# Two British Short Cats need re homing.



## jill3 (Feb 18, 2009)

This has come from my friend who knows someone who is going to America and need to find a home for these two Lovely Boys.
They need to be together and they are aged 3 and 4 years old.
I will try and find a few more details.
If anyone is interested please contact me.

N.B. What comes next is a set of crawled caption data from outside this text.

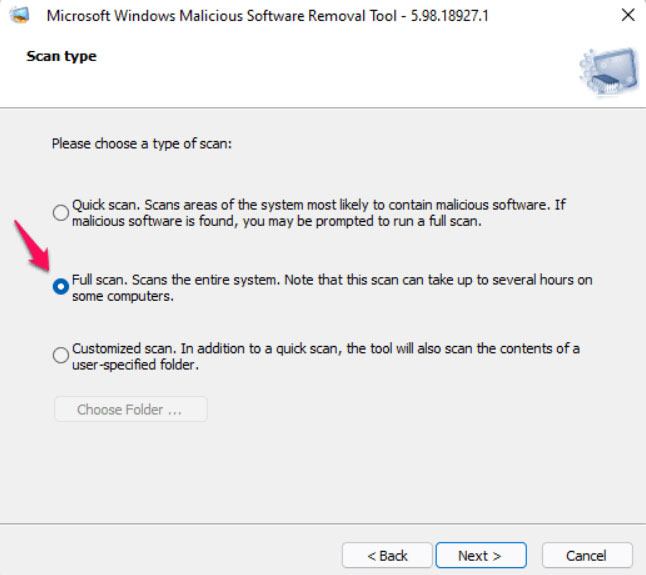 How to Fix Dolby Atmos Not Working in Windows 11? 7 Run Security Scanner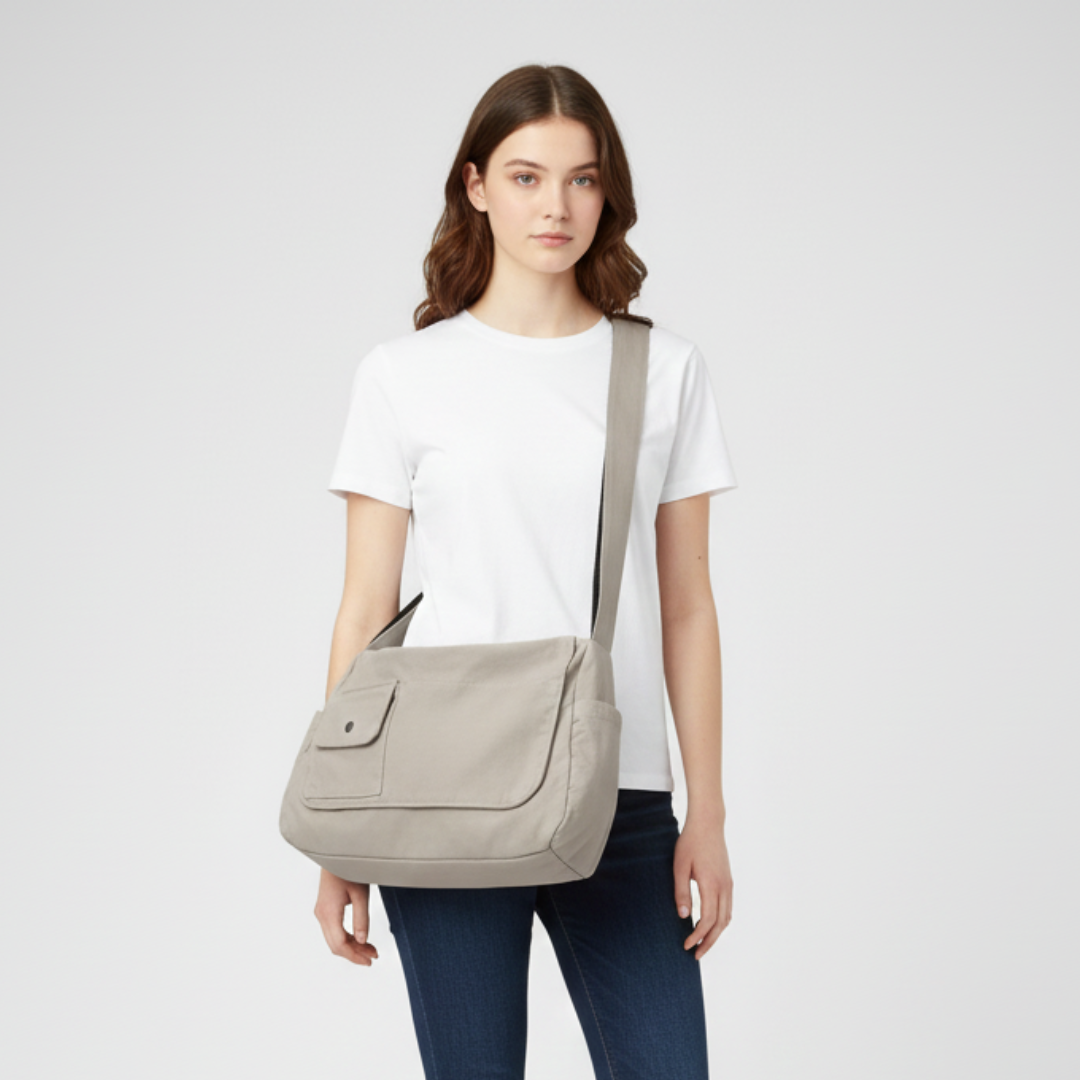 Nordspur | Große Canvas Messenger Tasche
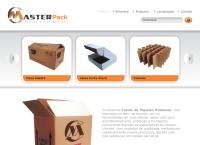Site do Master Pack Caixas de Papelão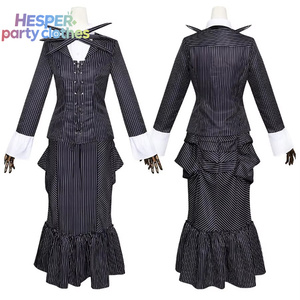 HESPER Halloween Jack Skeleton Costume Men Women Cosplay Masks Featuring Frightening King Animal Ghost Suit Cloak Pants Jumpsuit - Product Image 1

They are lovely aren't they:001_wub:


----------



## colliemerles (Nov 2, 2007)

_they are beautiful, I am sure someone will offer them a home._


----------



## jill3 (Feb 18, 2009)

found out some more info. They are Neutered and they are in the Norfolk area.


----------



## catcoonz (Aug 4, 2012)

They are beautiful, hope they find a wonderful home soon.


----------



## jill3 (Feb 18, 2009)

I have some Great News about these two Chunky Monkeys
A forum member went to see these last Saturday and today they are going to Live with her.
I hope all goes well Sam.
I Know you want to change their names as they are Polish and are quite difficult to pronounce.

Here are a few ideas.
Jasper
Boris
Willy
Archie
Eddy
Freddy
Billy
Monty
Dave
Tommy
:biggrin:


----------



## kellyrich (Jan 8, 2009)

They are so beautiful and look well looked after!

I hope they enjoy their new home...we want more pics when they are settled!!


----------